The number of COVID-positive patients in Orange County hospitals has declined once again, falling from 286 to 252, according to the latest state figures out Sunday.

Of those patients, 40 were in intensive care, down from 55 the previous day.

Some patients likely entered the hospital for other reasons and discovered they had COVID after a mandated test.

The latest numbers come two days after local health officials reported 405 new positive COVID tests and 26 additional deaths associated with the virus, bringing the county’s cumulative totals to 537,603 cases and 6,570 fatalities.

The county had 23.4% of its ICU beds available and 64% of its ventilators as of Friday. Local health officials become concerned when the level of ICU beds falls below 20%.

Of those hospitalized, 84% are unvaccinated and 86% in an intensive care unit are not inoculated, according to the Orange County Health Care Agency.

The OCHCA does not report COVID data on weekends.

“We’re not all the way back free of Omicron,” Orange County CEO Frank Kim told City News Service on Thursday. “But the case rates are under 20 and test positivity is below 5%, and the hospitalizations are dropping quite rapidly.”

Kim said the same drop was seen in South Africa, but he has asked his health officials about having a “fairly long tail” here.

“Will we have a longer tail where we never get down to pre-Omicron levels?” Kim wondered. “I don’t know. The good news is that we’re through the surge and the state is asking further action to reduce some of their health and safety measures, but I think we need to be cautious. I don’t want to be alarmist, but we don’t know what the future holds.”

Kim said it was important to keep the COVID-19 response ready for any future surges.

“We have to ensure there’s scalability quickly if we face another surge,” Kim said.

In another sign of improving conditions, the Orange County Board of Supervisors at its March 8 meeting will consider a recommendation promoting deputy county health officer Dr. Regina Chinsio-Kwong to county health officer, taking that responsibility off the plate of Dr. Clayton Chau, who has had to be director of the OCHCA and chief health officer through most of the pandemic.
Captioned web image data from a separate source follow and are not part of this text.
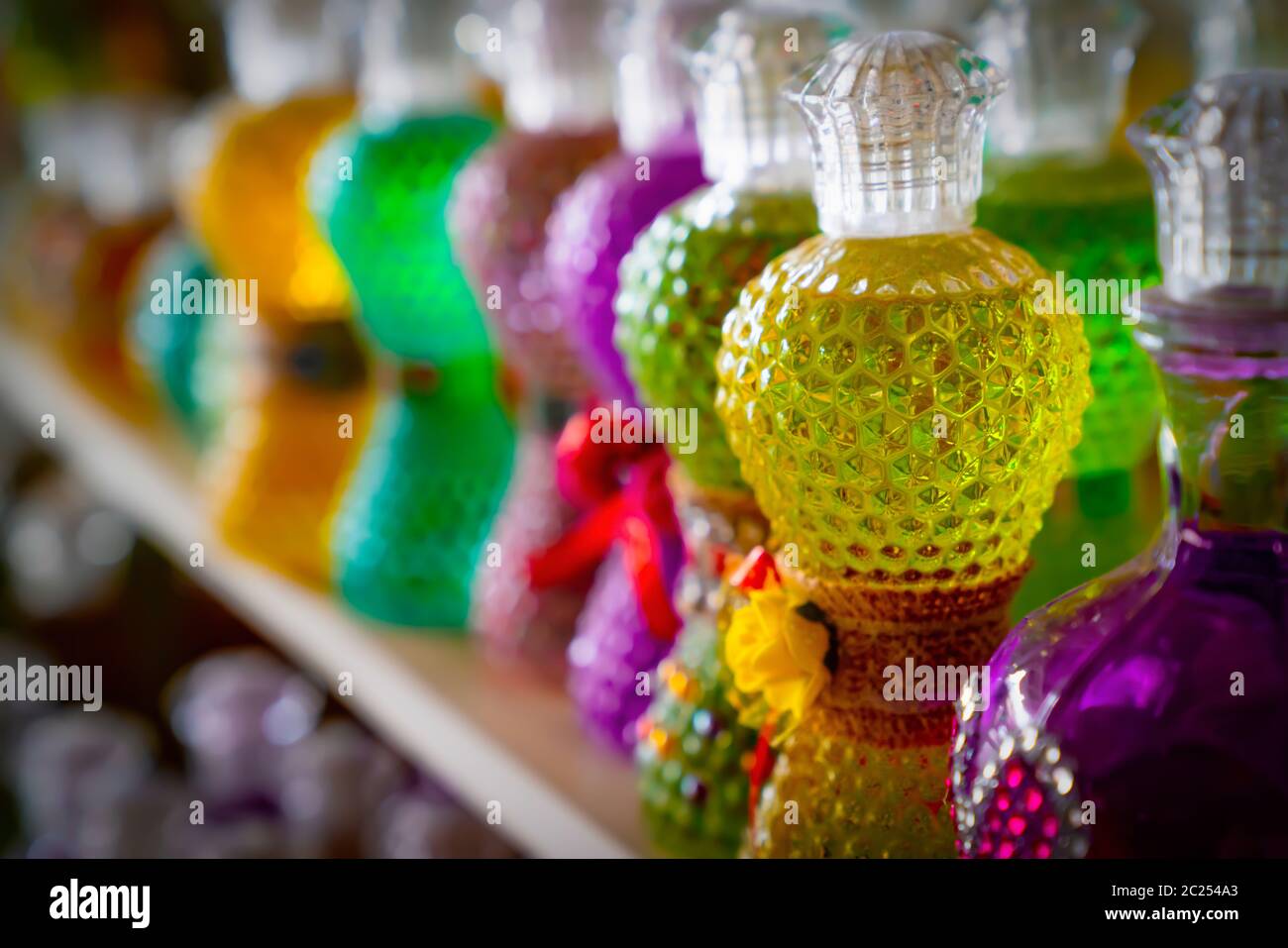 Gift cologne bottles in different colors with selective focus. Stock Photo
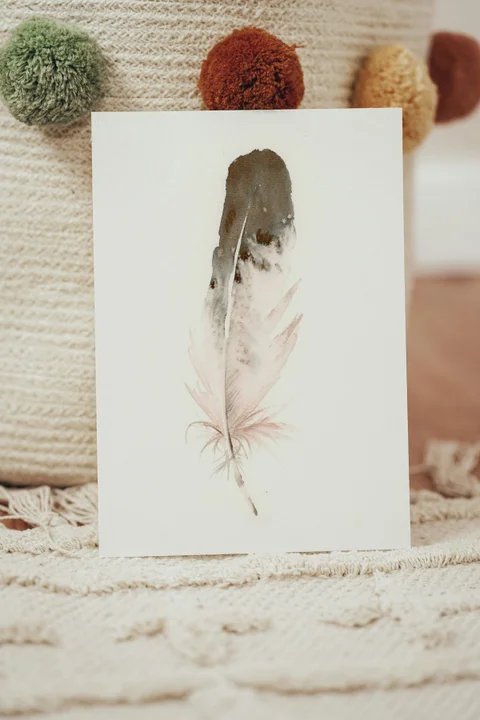 Image of a feather watercolor painting by Shayna Larsen, originals & prints available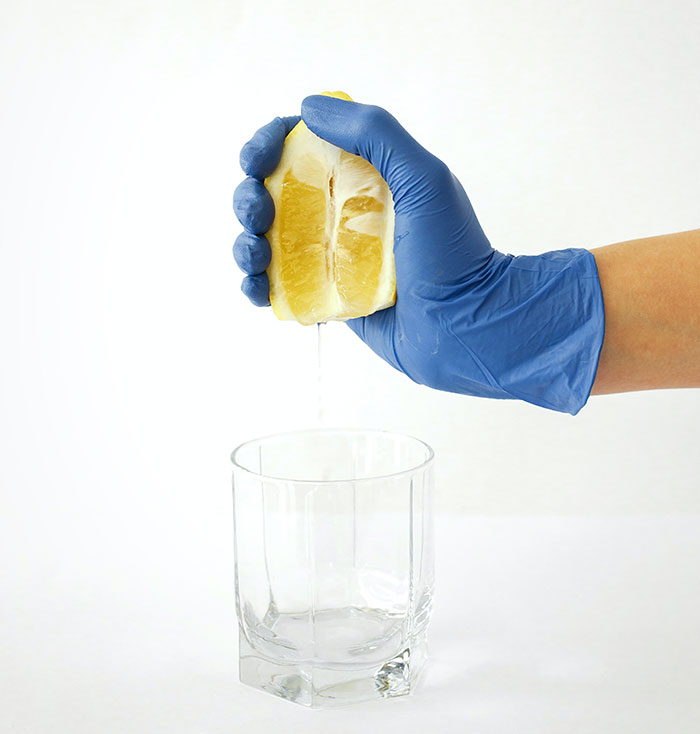Person squeezing of lemon juice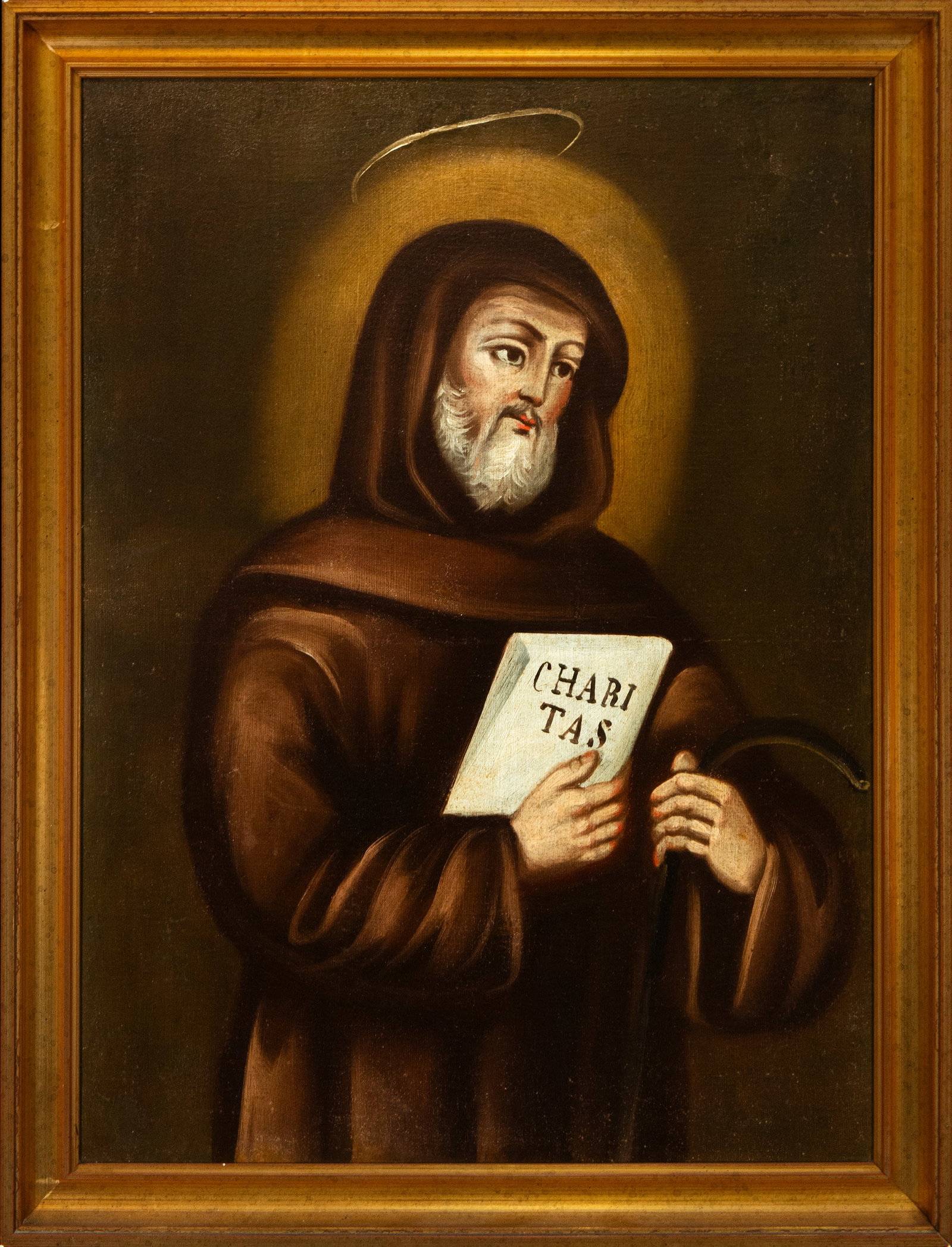 Saint Francis of Paula. Spanish School. 19th Century: Oil on canvas. This moving devotional image depicts an elderly saint with a white beard, a golden halo, and a brown tunic, holding a book inscribed with the word "Charitas, " a symbol of the virtue of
Of the deaths logged Friday, four were skilled nursing facility residents and four were assisted living facility residents, raising the death tolls in those categories to 1,280 and 675 respectively.

Outbreaks — defined as three or more infected residents — decreased from nine to eight at assisted living facilities from last Friday through Wednesday, the most recent data available, and dropped from 12 to 10 for skilled nursing facilities.

The county’s jails had 35 infected inmates Friday, the same as Thursday, with the results of 173 tests pending.

The case rate per 100,000 people decreased from 15.3 Thursday to 14.9 Friday. The testing positivity rate remained at 4.1%, and ticked up from 3% to 3.3% in the health equity quartile, which measures underserved communities hardest hit by the pandemic.

The case rate per 100,000 people decreased from 14.5 on Feb. 12 to 8.7 on Saturday for those fully vaccinated with a booster shot; from 17.4 to 10 for those fully vaccinated with no booster; and 30.1 to 17.9 for those not fully vaccinated.